--- DATA SUPPLIED ---

++++++++++++++++++++

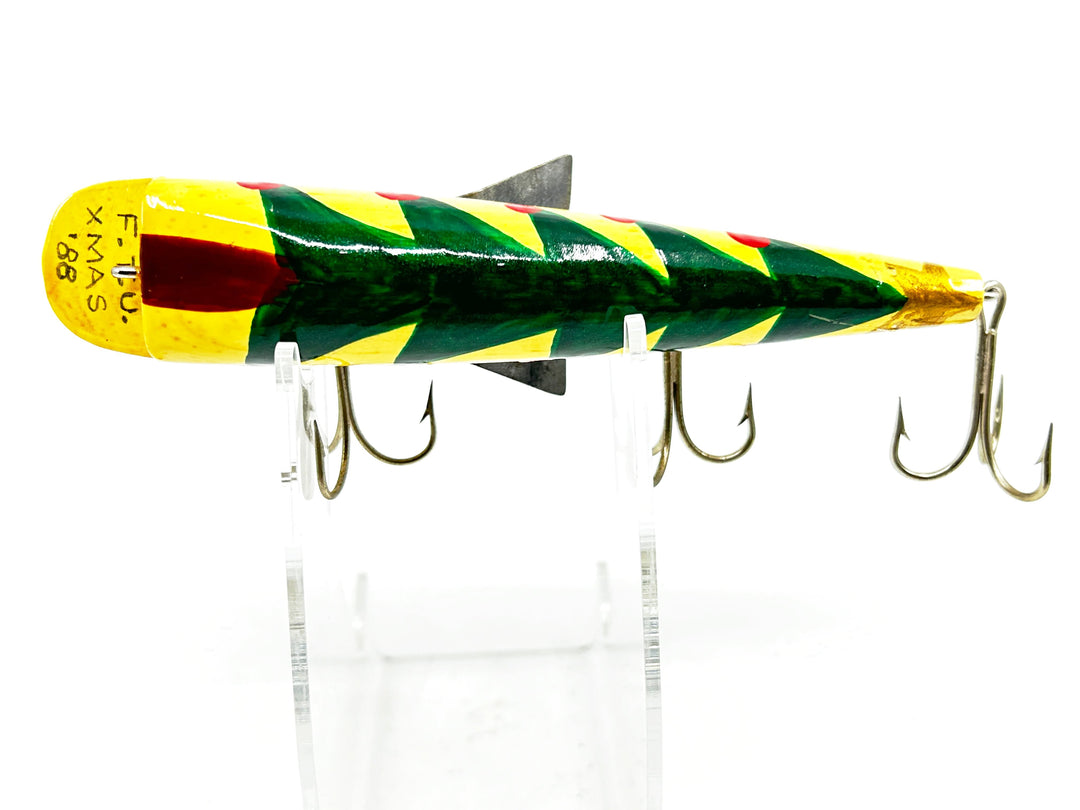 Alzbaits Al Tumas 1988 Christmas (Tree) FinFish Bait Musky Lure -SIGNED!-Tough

++++++++++++++++++++

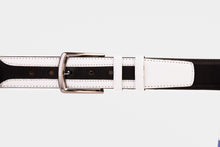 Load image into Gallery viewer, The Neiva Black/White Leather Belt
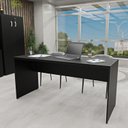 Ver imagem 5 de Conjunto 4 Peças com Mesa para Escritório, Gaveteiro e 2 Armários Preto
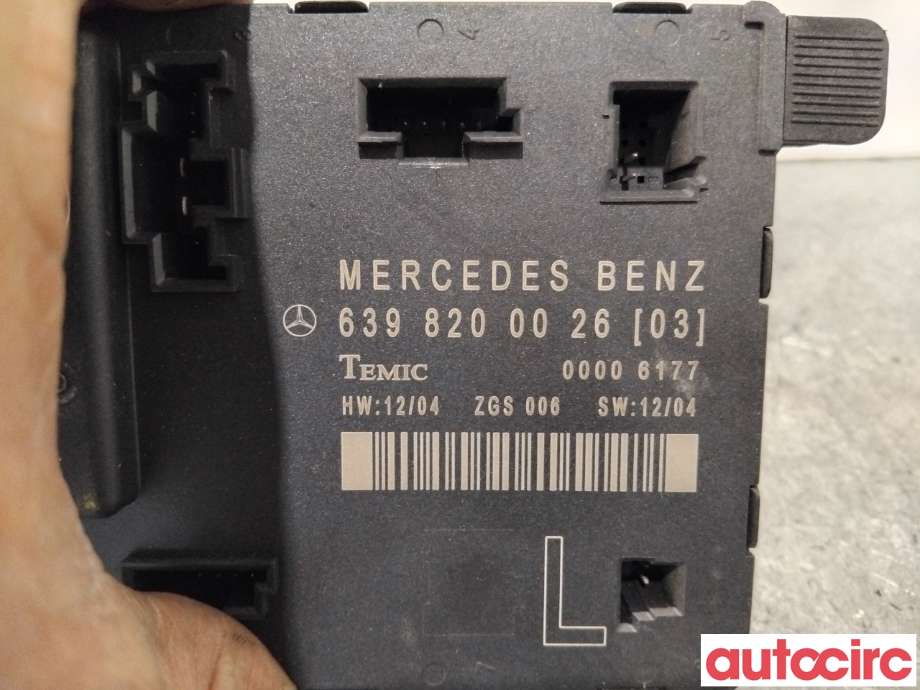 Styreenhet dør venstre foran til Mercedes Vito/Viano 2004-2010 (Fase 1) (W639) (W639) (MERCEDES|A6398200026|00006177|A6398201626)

++++++++++++++++++++

Only the lines of the listing above from the one with "Load image into" through the one with "Styreenhet dør venstre" should be output, exactly, with both ends kept and pictures left out.

 Load image into Gallery viewer, The Neiva Black/White Leather Belt
 Ver imagem 5 de Conjunto 4 Peças com Mesa para Escritório, Gaveteiro e 2 Armários Preto
 Styreenhet dør venstre foran til Mercedes Vito/Viano 2004-2010 (Fase 1) (W639) (W639) (MERCEDES|A6398200026|00006177|A6398201626)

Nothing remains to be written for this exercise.